╭─ AVAILABLE DATA

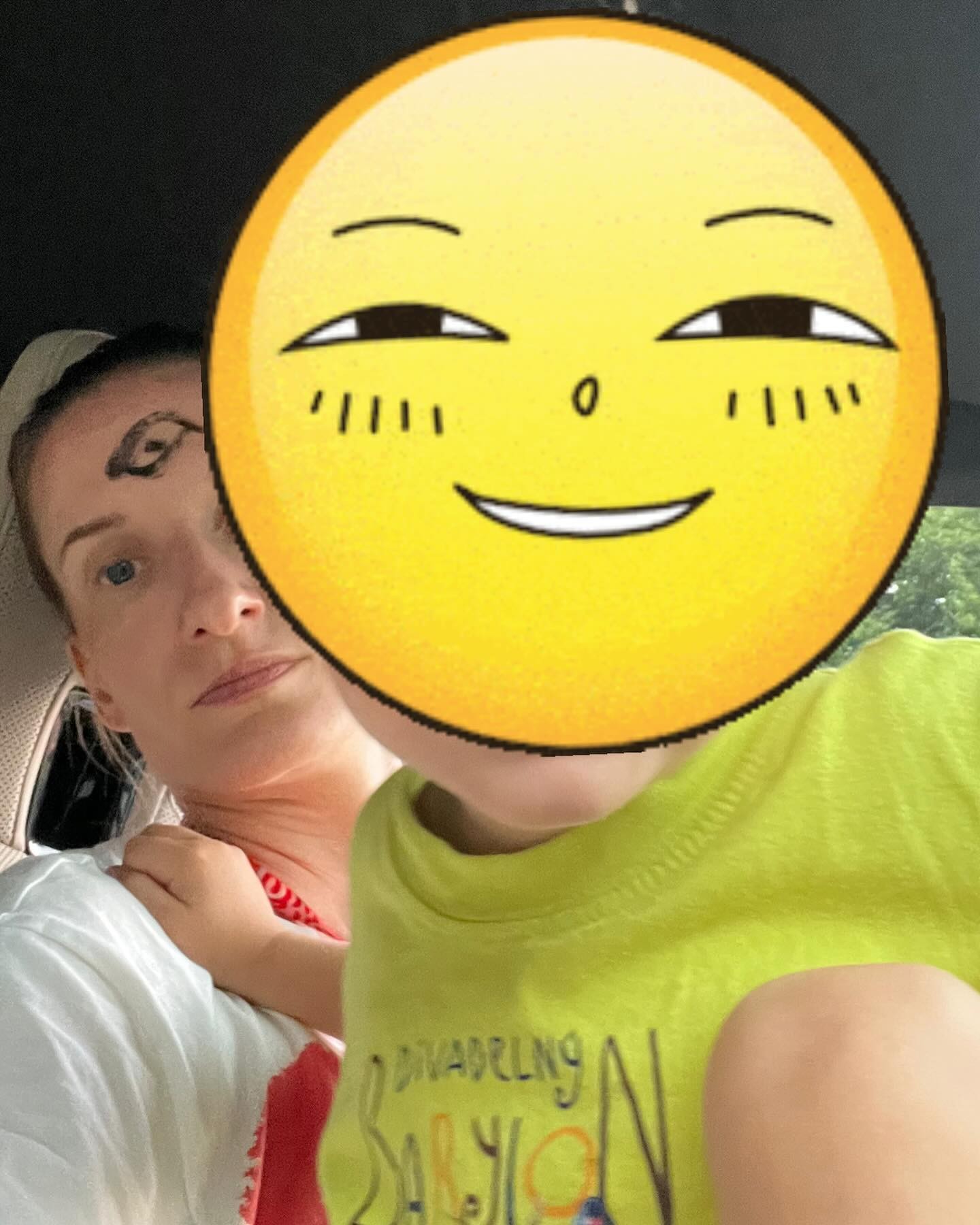 Adela Vinczeová so synom Maxíkom.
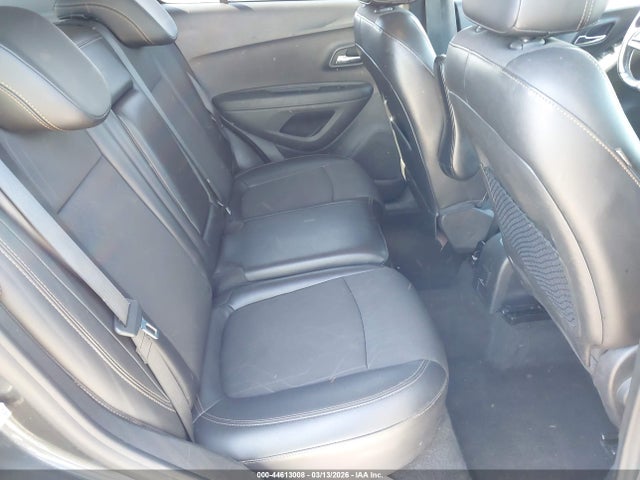 Продаж на аукціоні авто 2020 Chevrolet Trax Fwd Lt, vin: 3GNCJLSB7LL269007, номер лоту: 44613008
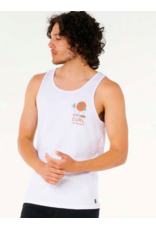 Rip Curl Men's AOTS Cody Welsh Tank White
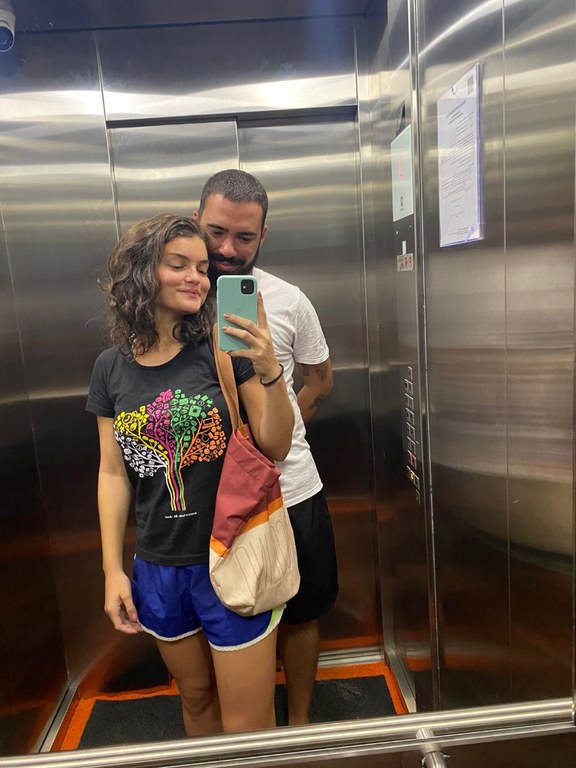 Juliana Cardoso e Victor Barbosa Arquivo Pessoal_Juliana Cardoso.jpg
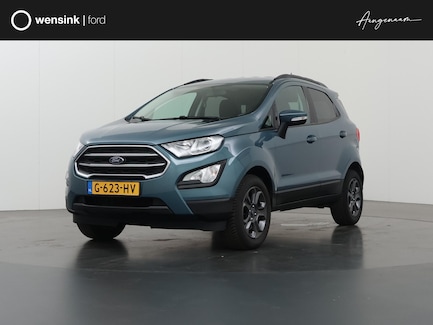 Ford EcoSport 0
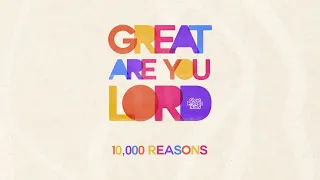 Shout Praises Kids - 10,000 Reasons (Official Audio Video)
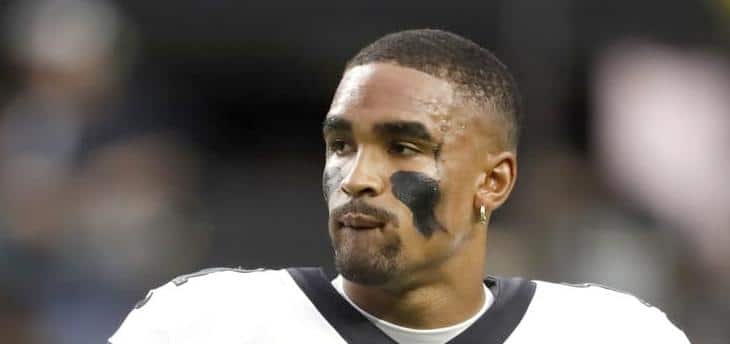 NFL and Players Union Launch Joint Review of Eagles’ Handling of Jalen Hurts’ Blood Clot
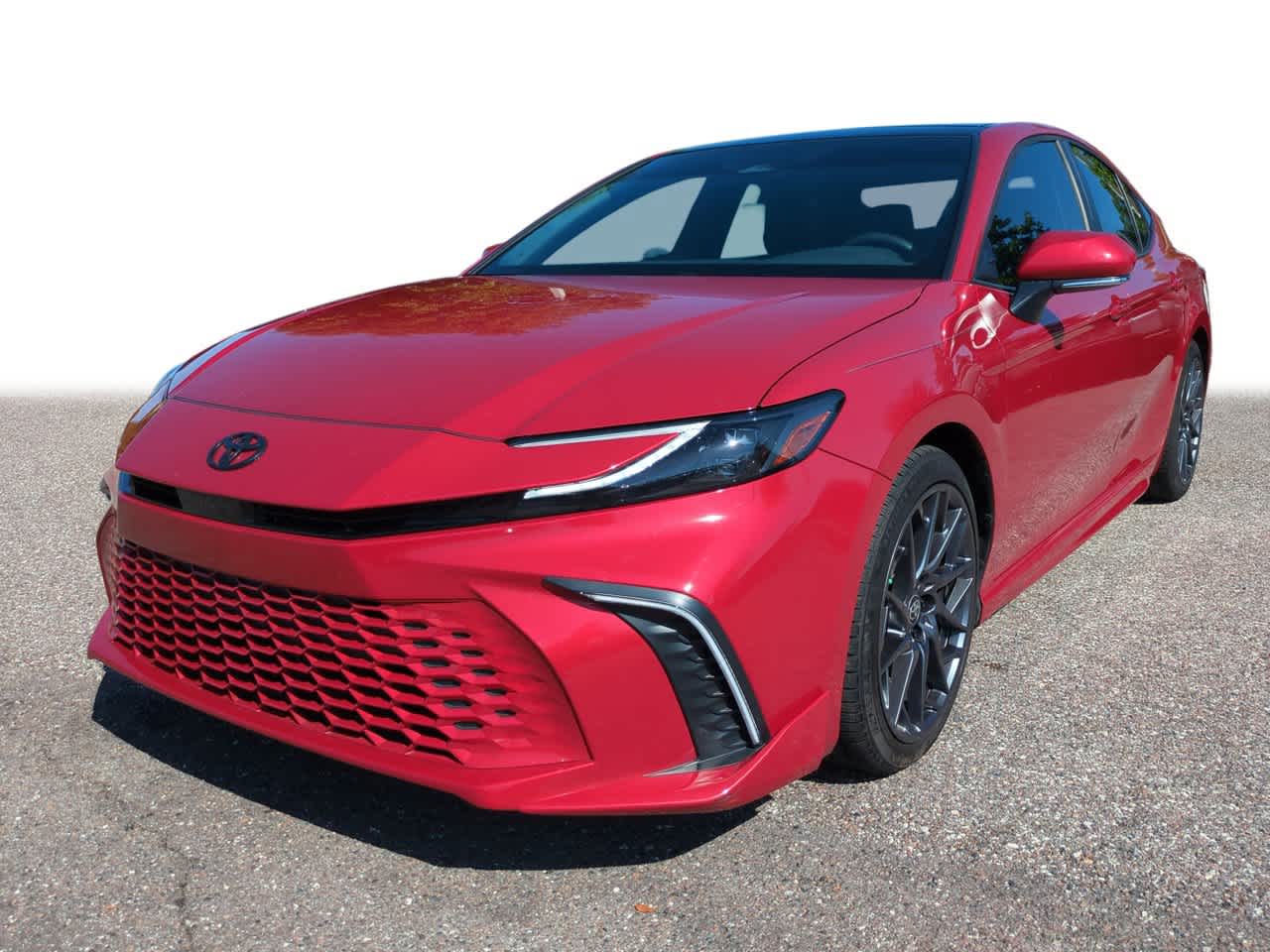 Thumbnail: 2025 Toyota Camry - 1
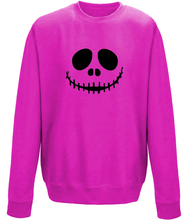 Load image into Gallery viewer, Halloween Kids Sweatshirt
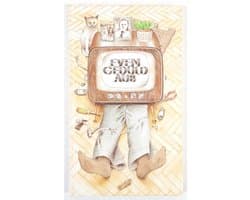 Even geduld aub | Mies Bouhuys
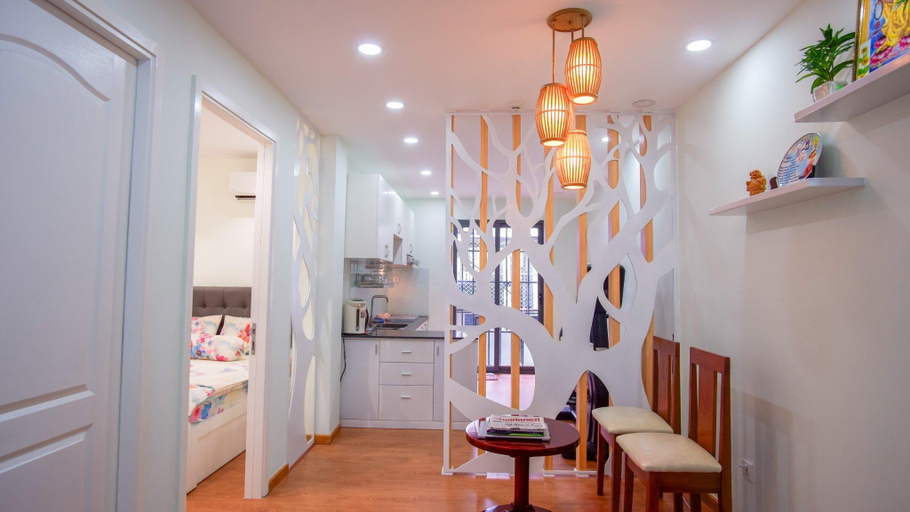Others 5, THU'S APARTMENT near Ben Thanh Market, District 1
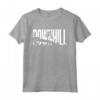 Downhill Silhouette - Mountainbike Rider MTB Maglietta - Ride the Trails with this Unique Design - Regalo Perfetto per Ciclisti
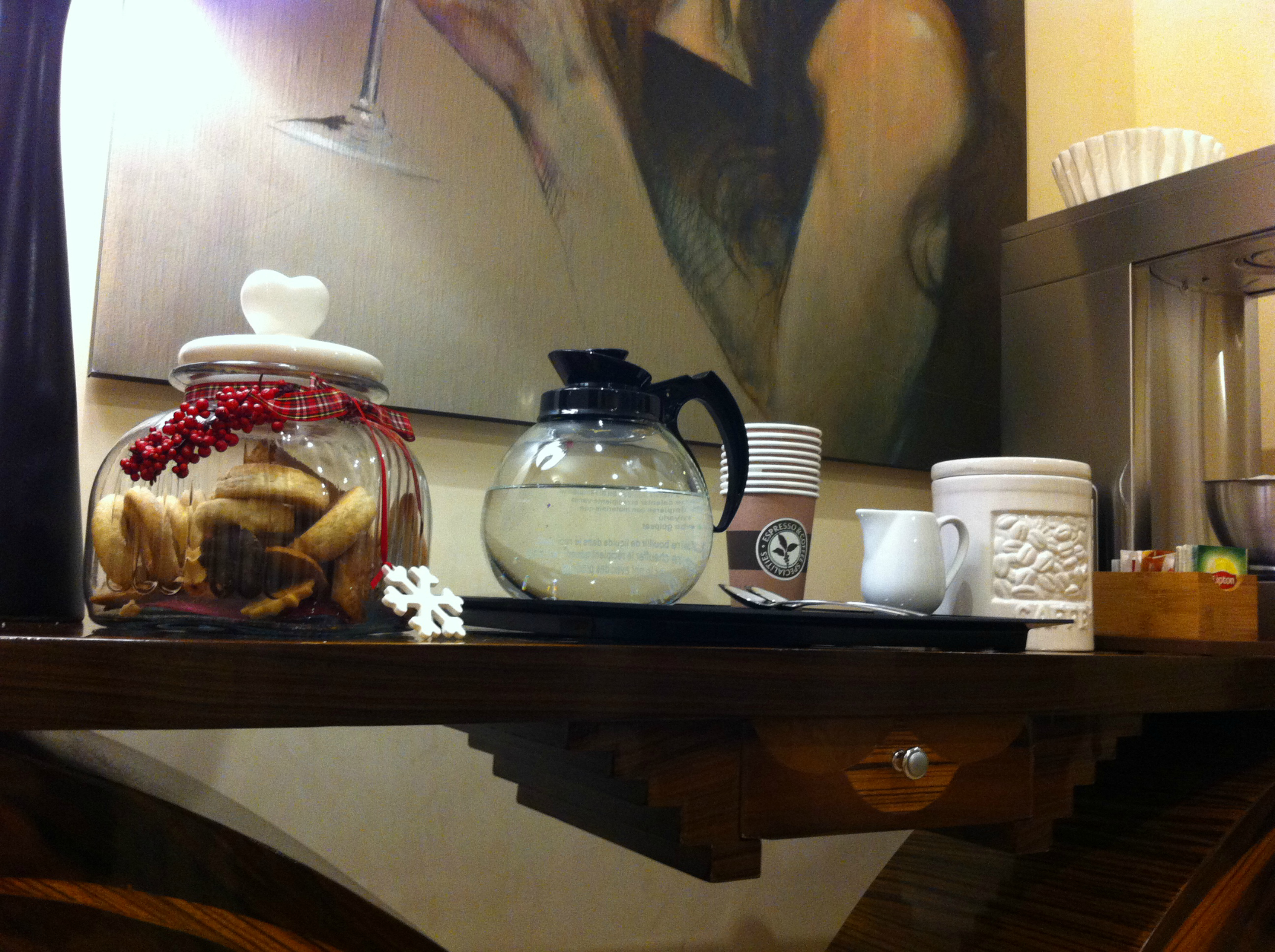 The Residenza Delle Arti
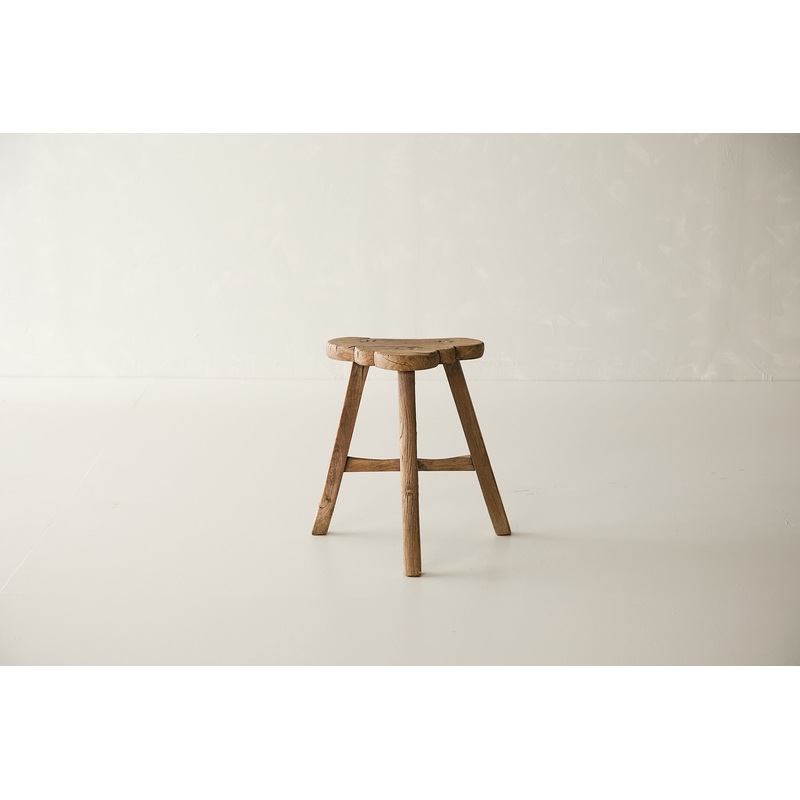 Vintage Saddle Stool AF.003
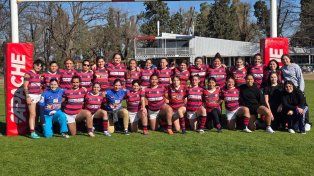 Cha Roga competirá en el Nacional de Clubes Femenino en Carlos Paz.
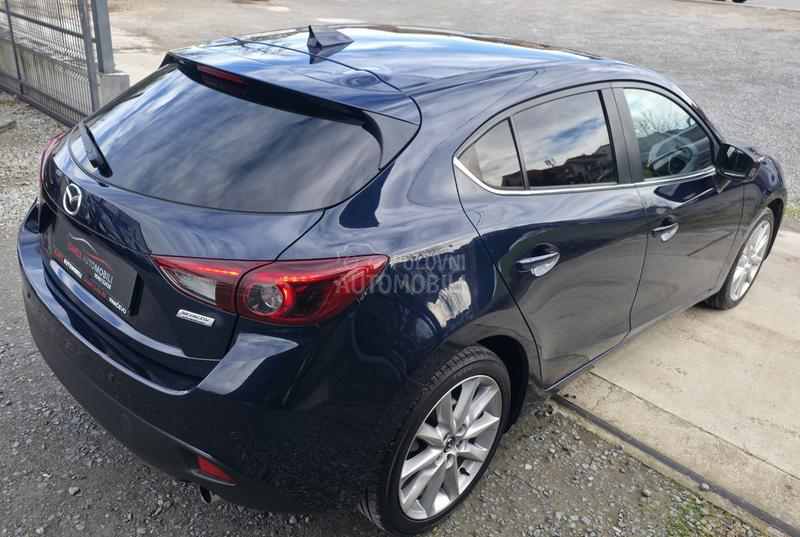 Mazda 3 1.5 D N.A.V.I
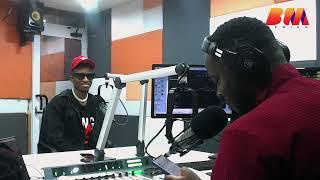 Kofi Kinaata Breaks Down "Kofi oo Kofi EP", Winning Reggae Song At TGMA & More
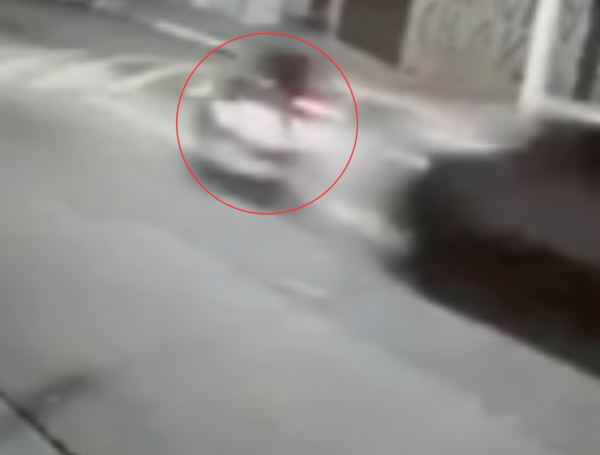 Trágica muerte de dos personas en Brasil.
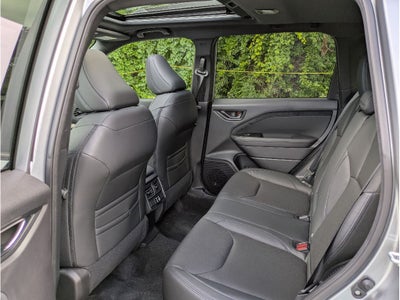 2026 Subaru FORESTER Limited Hybrid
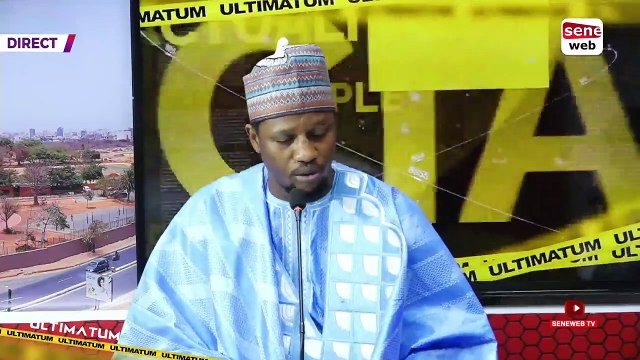 Cheikh Tidiane Niass crache ses vérités _ biss bouniou bayé mou dialeu dina talle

╰─

### [PROBLEM DETAILS]
Write out exactly the lines that run from the top of the listing above to the line containing "Others 5, THU'S", both ends included. Omit every picture.

### [RESPONSE TO THE EXERCISE]
 Adela Vinczeová so synom Maxíkom.
 Продаж на аукціоні авто 2020 Chevrolet Trax Fwd Lt, vin: 3GNCJLSB7LL269007, номер лоту: 44613008
 Rip Curl Men's AOTS Cody Welsh Tank White
 Juliana Cardoso e Victor Barbosa Arquivo Pessoal_Juliana Cardoso.jpg
 Ford EcoSport 0
 Shout Praises Kids - 10,000 Reasons (Official Audio Video)
 NFL and Players Union Launch Joint Review of Eagles’ Handling of Jalen Hurts’ Blood Clot
 Thumbnail: 2025 Toyota Camry - 1
 Load image into Gallery viewer, Halloween Kids Sweatshirt
 Even geduld aub | Mies Bouhuys
Others 5, THU'S APARTMENT near Ben Thanh Market, District 1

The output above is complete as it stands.